Emerson Radio Address: If Your Taxes Go Up, That Might Just Be A Tax Hike

Statement

Date: Feb. 5, 2010
Location: Washington, DC

"Washington is engaged in the worst kind of wordplay this month, as the spin-doctors go to work on the president's budget. After more than a year of promises that any tax increases would be limited to families making more than $250,000 per year, the taxes of the middle class may be set to increase, too.

But the administration refuses to call those higher taxes a tax increase, saying instead that they are merely allowing some tax breaks to expire.

If those tax cuts do expire, then every American who owes taxes after 2010 will experience a stealthy tax hike, and hundreds of thousands of low-income working Americans will owe federal income taxes for the first time in ten years.

If nothing is done to stop it, when the clock strikes midnight at the end of this year families in the 25 percent tax bracket will see their rates climb to 28 percent. Those in the ten percent bracket will be "promoted" to the 15 percent bracket. And Americans living on fixed incomes will pay higher taxes on dividends and capital gains that they count on to provide stable sources of income in retirement.

Also on the list of tax relief set to expire are $4,000 deductions for college tuition and expenses, $250 tax credits for teachers who purchase school supplies for their classrooms, and the first $2,400 of unemployment benefits will again be treated as taxable income.
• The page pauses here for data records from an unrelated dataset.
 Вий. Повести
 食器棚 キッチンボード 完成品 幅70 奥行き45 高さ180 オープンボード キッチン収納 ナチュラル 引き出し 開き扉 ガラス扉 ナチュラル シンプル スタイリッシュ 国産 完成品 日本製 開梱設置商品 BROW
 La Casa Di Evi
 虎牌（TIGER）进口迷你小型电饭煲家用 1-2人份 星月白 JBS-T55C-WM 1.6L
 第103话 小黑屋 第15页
None of these tax increases is good for our economy in a crucial phase of recovery.

Economists and tax advisors may disagree on a lot of things when it comes to how tax policy affects our overall economy, but no one can argue that we are witnessing the most massive and expensive expansion of federal government in history. The federal deficit projected under the Obama Administration's budget for FY 2011 would weigh in at $1.27 trillion, barely off the record we are setting this year of a $1.56 trillion deficit. Just five years before, in 2006, the federal deficit was $247 billion. Furthermore, the president's budget raises taxes by more than $2 trillion over ten years on everything from small business income to domestic energy production. And the budget also proposes to reduce tax incentives for charitable contributions -- the cornerstone of relief efforts that follow major disasters both at home and around the world. The wholesale expiration of tax credits and income tax relief only heightens the strain on families already facing unprecedented challenges.
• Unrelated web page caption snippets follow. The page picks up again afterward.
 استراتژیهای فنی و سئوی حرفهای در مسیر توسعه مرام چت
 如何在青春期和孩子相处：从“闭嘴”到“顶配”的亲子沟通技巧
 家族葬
There is another affect of higher taxes on our economy. Discouraging investment in small businesses disrupts the primary engine of the American economy. Small businesses constitute the vast majority of American employers, and they are even more important in rural economies in Southern Missouri.
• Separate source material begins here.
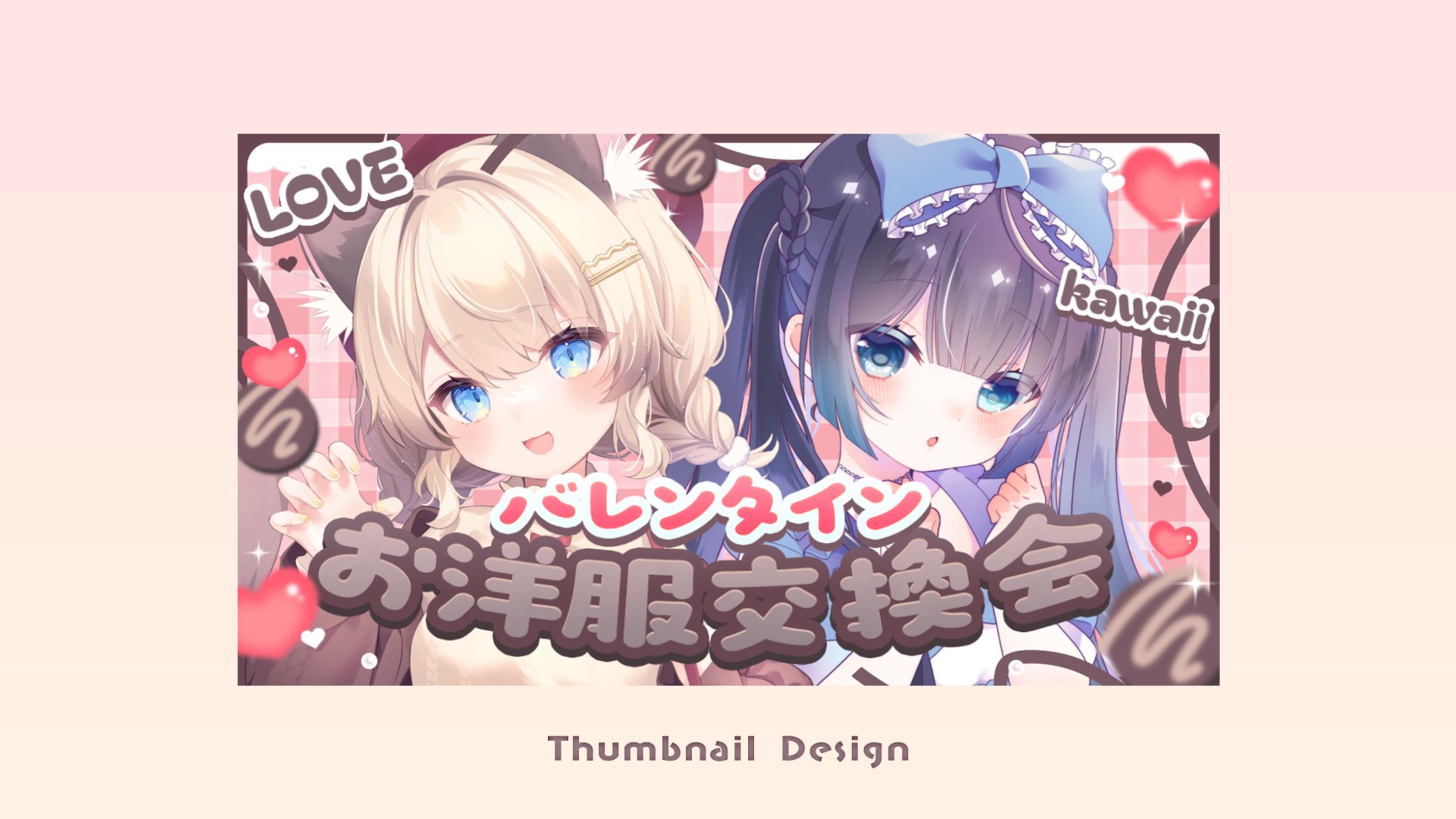 THUMBNAIL DESIGN /魔法幼女えう-1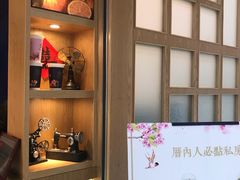 -厝内小眷村(合肥华府骏苑店)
As government spending goes up, as the debt increases, as deficits grow, and as taxes rise, America gets closer and closer to a financial disaster that affects our standing in the world. Federal representatives on both sides of the aisle in Congress understand the dangers of this erosion in the power of the entrepreneur, the free enterprise system, and the purchasing power of the American family.

It is no time to raise their taxes, that's for sure. But at every turn, we are beset by the specter of higher taxes on energy, on private health insurance policies, and, now, on our incomes. As we stand firm on these intrusions of big government, we must also preserve tax policies that grow jobs and empower families."